As I drove towards my psychiatrist appointment this morning*, the Rolling Stones compilation currently playing in my car had reached ‘Mother’s Little Helper’, with its reference to the ‘little yellow pill’ which indeed I do take. As I drove back afterwards, the next track was playing, which just happened to be ‘Nineteenth Nervous Breakdown’. Hmm…
*(orientation report: I missed my junction yet again but managed to repair the route by turning left later, and in the process discovered a much better route and got there half an hour early)
Currently playing in my car, though not with much enjoyment from me, is ‘No Regrets: The Best of Scott Walker and the Walker Brothers’ which I bought solely because of the title track (one of the best songs ever) and because I had a duplicate album*, which I’d bought by mistake, to exchange. Apart from No Regrets itself, it does also have ‘Jackie’, that wonderful Jacques Brel song, which is worth a second listen.

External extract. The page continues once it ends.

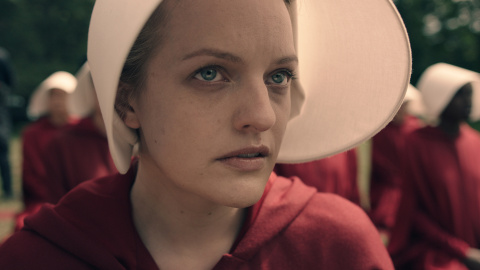 La actriz Elizabeth Moss como Offred, protagonista de 'The Handmaid´s Tale'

Anyway on perusing the not very informative sleeve notes the other day I was shocked to discover that not only were the Walker Brothers not brothers, but nor was any of them called Walker. In fact Scott Walker’s real name is Scott Engel, though he doesn’t look Jewish to me. Another cherished illusion shattered. Next they’ll be telling me the Beverley Sisters weren’t sisters…
*(‘Best of Captain Beefheart’, which proves my musical tastes are catholic, if nothing else)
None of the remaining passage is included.